Article droit. Un faux acte a suffi à raser un quartier d'Abidjan. Voici qui détient réellement le pouvoir d'ordonner une démolition ou une expulsion, et comment vérifier le papier qu'on te brandit avant de céder. Publié par l'équipe Locayo. Evergreen.

En bref

À Koumassi, une dizaine d'hectares d'habitations ont été rasés au bulldozer sur la foi d'un document présenté comme une décision de justice. Le parquet d'Abidjan a tranché : ce papier n'autorisait aucune destruction. Des milliers de personnes se sont retrouvées à la rue, sans relogement, pour un acte qui ne valait rien. Retiens une règle simple. En Côte d'Ivoire, ni un propriétaire, ni un démarcheur, ni un homme qui agite une feuille ne peut te chasser ou démolir ton toit. Seule une décision de justice devenue définitive le permet, et elle s'exécute par un commissaire de justice, l'ancien huissier, parfois assisté de la force publique. Jamais par des ouvriers et un engin. Avant de quitter les lieux, exige de voir l'acte, l'identité du commissaire, et va le vérifier au greffe du tribunal. Un papier ne se croit pas. Il se vérifie.
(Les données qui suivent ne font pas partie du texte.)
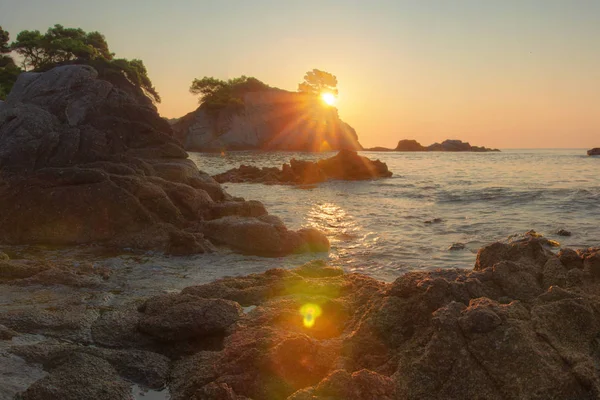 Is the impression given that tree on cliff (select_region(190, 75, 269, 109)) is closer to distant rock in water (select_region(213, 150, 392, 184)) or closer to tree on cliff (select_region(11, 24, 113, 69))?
tree on cliff (select_region(11, 24, 113, 69))

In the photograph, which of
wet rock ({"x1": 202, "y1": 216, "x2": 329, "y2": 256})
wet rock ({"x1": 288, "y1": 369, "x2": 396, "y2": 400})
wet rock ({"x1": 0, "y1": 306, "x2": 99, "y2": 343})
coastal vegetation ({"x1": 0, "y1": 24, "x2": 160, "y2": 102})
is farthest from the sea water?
coastal vegetation ({"x1": 0, "y1": 24, "x2": 160, "y2": 102})

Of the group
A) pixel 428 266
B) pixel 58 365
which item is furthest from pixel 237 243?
pixel 58 365

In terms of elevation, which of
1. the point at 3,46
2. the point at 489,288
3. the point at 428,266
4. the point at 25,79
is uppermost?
the point at 3,46

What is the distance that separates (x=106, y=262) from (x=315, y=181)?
20099 mm

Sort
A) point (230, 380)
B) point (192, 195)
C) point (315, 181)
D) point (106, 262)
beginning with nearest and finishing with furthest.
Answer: point (230, 380) → point (106, 262) → point (192, 195) → point (315, 181)

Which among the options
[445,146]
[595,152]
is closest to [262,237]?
[595,152]

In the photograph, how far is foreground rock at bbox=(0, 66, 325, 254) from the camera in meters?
9.54

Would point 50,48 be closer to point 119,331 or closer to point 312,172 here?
point 312,172

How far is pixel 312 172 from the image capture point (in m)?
27.9

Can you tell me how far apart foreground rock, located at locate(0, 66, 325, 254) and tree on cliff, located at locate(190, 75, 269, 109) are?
65.1 meters

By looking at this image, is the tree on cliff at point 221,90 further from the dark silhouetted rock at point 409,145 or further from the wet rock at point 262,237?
the wet rock at point 262,237

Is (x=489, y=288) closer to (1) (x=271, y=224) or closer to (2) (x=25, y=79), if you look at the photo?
(1) (x=271, y=224)

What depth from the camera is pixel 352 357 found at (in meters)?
3.76

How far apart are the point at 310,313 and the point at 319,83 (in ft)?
332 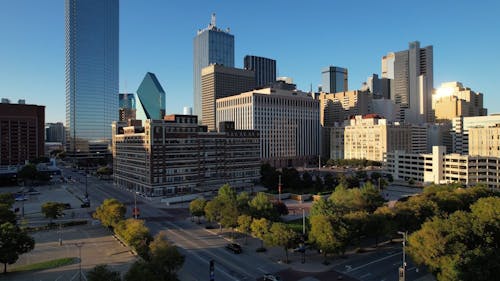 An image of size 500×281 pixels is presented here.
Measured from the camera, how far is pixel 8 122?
18838cm

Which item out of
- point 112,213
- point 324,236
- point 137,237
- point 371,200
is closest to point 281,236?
point 324,236

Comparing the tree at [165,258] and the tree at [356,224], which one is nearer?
the tree at [165,258]

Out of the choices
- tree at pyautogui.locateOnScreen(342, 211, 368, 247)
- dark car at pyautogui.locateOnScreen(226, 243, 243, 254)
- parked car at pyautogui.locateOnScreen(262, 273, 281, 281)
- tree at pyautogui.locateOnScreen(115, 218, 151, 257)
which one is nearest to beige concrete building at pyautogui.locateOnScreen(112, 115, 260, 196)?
dark car at pyautogui.locateOnScreen(226, 243, 243, 254)

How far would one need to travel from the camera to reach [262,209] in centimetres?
6556

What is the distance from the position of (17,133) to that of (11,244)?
17243 centimetres

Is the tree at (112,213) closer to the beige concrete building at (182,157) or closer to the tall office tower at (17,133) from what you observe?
the beige concrete building at (182,157)

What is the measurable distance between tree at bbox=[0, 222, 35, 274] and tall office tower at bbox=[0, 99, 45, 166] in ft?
546

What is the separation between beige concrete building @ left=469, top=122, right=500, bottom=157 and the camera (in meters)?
154

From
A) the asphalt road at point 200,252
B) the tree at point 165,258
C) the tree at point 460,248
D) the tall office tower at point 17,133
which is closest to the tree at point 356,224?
the tree at point 460,248

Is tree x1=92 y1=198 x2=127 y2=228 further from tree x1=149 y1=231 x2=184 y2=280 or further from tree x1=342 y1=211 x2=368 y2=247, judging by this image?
tree x1=342 y1=211 x2=368 y2=247

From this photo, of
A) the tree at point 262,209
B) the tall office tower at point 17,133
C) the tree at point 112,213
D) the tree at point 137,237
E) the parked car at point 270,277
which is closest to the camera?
the parked car at point 270,277

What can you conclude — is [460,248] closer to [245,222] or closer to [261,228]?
[261,228]

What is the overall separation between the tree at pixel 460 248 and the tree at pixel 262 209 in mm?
26332

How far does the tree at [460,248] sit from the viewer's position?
3750 cm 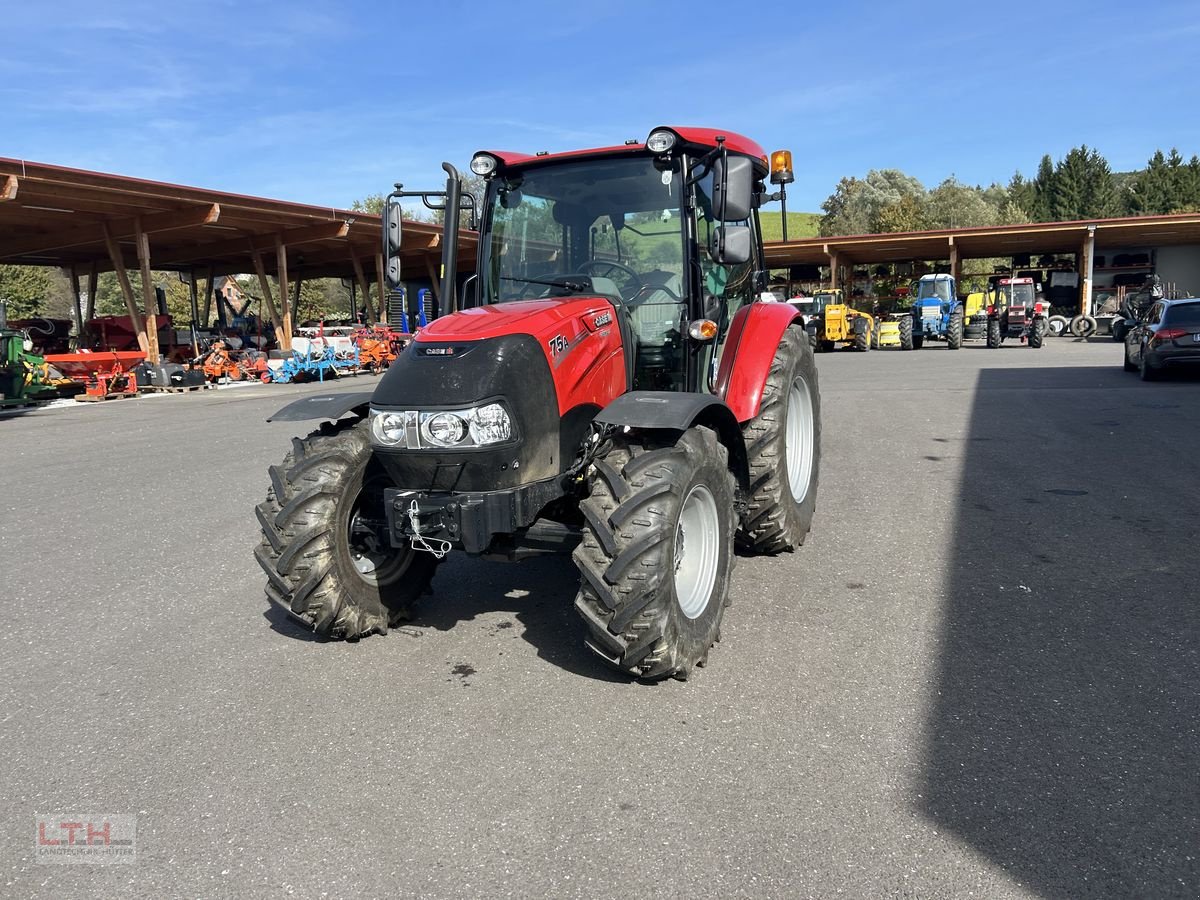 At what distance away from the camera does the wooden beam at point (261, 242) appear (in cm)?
2522

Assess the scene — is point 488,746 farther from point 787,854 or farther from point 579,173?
point 579,173

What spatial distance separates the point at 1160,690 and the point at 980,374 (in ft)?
51.6

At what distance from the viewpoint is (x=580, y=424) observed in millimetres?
4039

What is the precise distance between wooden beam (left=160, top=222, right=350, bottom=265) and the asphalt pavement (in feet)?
66.4

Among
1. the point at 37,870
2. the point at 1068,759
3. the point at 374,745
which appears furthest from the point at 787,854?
the point at 37,870

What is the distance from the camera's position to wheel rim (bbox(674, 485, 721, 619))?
396cm

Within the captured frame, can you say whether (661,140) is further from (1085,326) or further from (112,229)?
(1085,326)

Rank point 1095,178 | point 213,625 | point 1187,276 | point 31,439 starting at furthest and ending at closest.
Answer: point 1095,178 < point 1187,276 < point 31,439 < point 213,625

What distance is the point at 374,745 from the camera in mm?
3281

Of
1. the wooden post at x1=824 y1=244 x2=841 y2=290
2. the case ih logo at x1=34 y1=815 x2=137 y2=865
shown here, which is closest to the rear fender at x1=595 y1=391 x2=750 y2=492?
the case ih logo at x1=34 y1=815 x2=137 y2=865

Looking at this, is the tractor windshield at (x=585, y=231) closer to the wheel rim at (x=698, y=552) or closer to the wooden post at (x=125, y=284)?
the wheel rim at (x=698, y=552)

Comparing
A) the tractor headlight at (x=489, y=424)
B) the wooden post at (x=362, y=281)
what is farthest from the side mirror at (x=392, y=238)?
the wooden post at (x=362, y=281)

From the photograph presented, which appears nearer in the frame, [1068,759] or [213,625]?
[1068,759]

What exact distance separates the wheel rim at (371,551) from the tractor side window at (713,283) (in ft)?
6.38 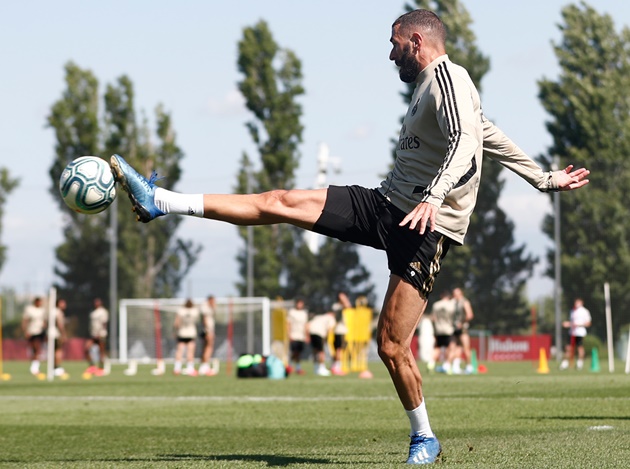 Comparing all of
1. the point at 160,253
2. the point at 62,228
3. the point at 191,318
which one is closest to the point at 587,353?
the point at 191,318

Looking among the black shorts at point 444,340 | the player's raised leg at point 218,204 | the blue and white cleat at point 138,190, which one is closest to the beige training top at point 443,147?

Ce qu'une vraie décision d'expulsion contient

Une expulsion légale n'est pas une surprise. C'est le bout d'une procédure qui laisse des traces à chaque étape : une mise en demeure écrite, la saisine d'un tribunal par le bailleur, une audience, puis un jugement. Le Code de la construction et de l'habitat est clair sur le principe : une expulsion ne s'exécute qu'en vertu d'une décision judiciaire devenue définitive. Pas une promesse, pas un courrier, pas une capture d'écran.
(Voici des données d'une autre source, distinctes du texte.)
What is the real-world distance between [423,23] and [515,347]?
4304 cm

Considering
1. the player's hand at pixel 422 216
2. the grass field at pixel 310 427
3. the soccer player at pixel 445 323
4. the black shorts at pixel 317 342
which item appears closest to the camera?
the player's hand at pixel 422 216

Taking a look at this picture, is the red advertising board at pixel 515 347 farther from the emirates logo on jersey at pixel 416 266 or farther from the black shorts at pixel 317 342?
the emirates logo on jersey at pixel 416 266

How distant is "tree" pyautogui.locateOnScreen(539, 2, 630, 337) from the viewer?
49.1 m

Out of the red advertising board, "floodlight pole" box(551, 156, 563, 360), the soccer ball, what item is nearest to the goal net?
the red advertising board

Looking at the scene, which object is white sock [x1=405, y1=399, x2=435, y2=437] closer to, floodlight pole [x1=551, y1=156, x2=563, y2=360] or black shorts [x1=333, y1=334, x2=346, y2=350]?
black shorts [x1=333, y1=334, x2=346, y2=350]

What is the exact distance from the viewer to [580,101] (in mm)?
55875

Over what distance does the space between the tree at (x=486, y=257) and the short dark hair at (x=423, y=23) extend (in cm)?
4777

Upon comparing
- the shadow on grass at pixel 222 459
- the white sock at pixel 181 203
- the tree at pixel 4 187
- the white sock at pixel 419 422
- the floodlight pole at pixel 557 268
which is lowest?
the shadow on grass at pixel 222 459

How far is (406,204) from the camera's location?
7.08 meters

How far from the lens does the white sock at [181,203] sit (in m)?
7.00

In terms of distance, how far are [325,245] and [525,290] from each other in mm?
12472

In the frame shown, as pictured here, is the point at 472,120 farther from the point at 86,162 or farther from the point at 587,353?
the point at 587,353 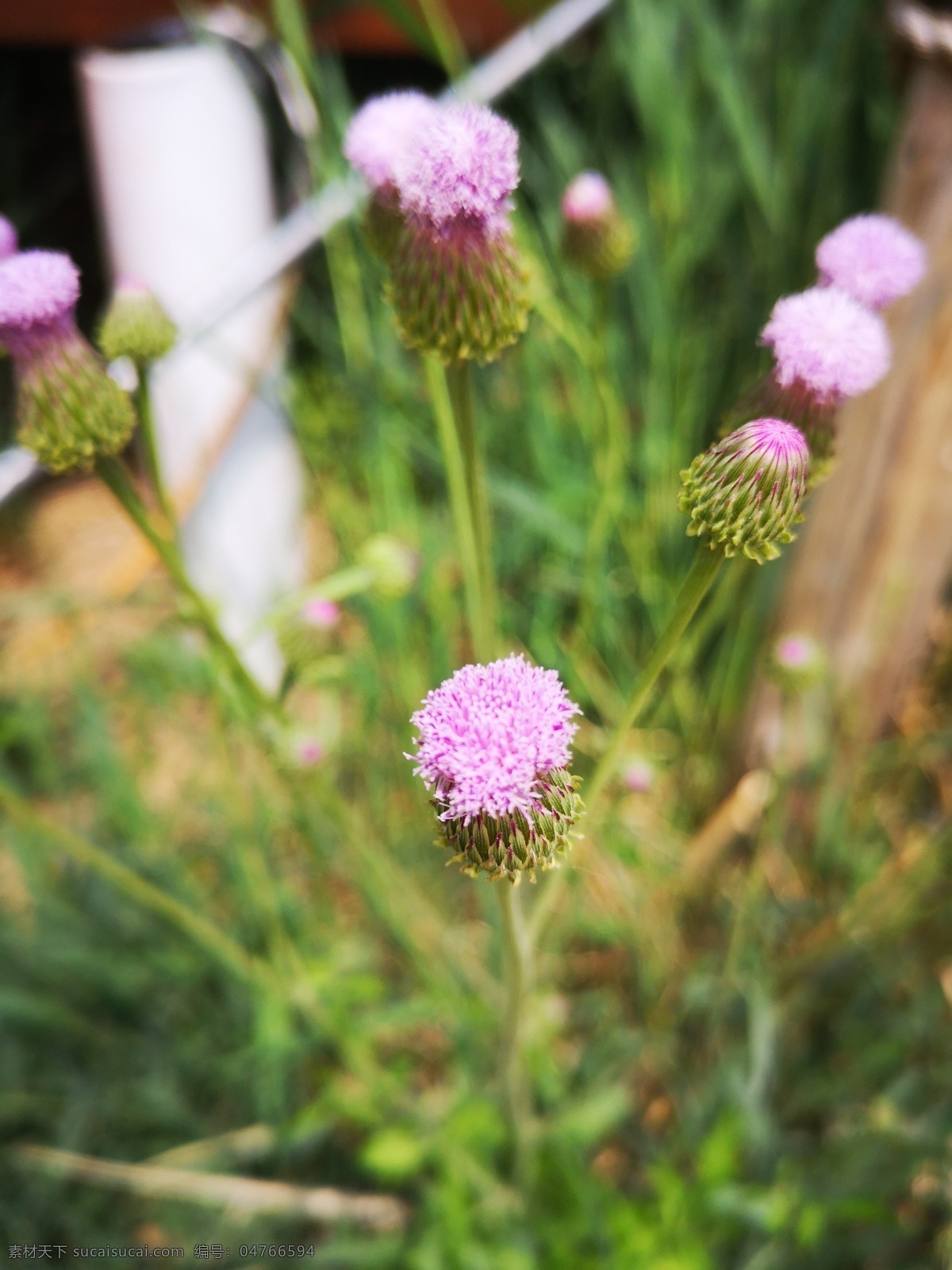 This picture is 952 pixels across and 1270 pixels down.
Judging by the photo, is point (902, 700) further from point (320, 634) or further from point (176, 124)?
point (176, 124)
Une vraie décision porte des marques précises. Le nom du tribunal qui l'a rendue. Le nom du juge. Un numéro de rôle. La formule exécutoire, cette mention solennelle au nom de la République qui ordonne l'exécution. Et surtout, elle ne t'arrive pas des mains du propriétaire. Elle est signifiée par un commissaire de justice, qui se présente, qui te remet l'acte, et qui te laisse un délai. En matière de loyers impayés, la procédure complète peut prendre plusieurs mois et représente un coût non négligeable pour le bailleur. Le juge peut même accorder des délais au locataire. Une décision qui exige que tu partes le jour même, sans délai, sans huissier, doit immédiatement t'alerter.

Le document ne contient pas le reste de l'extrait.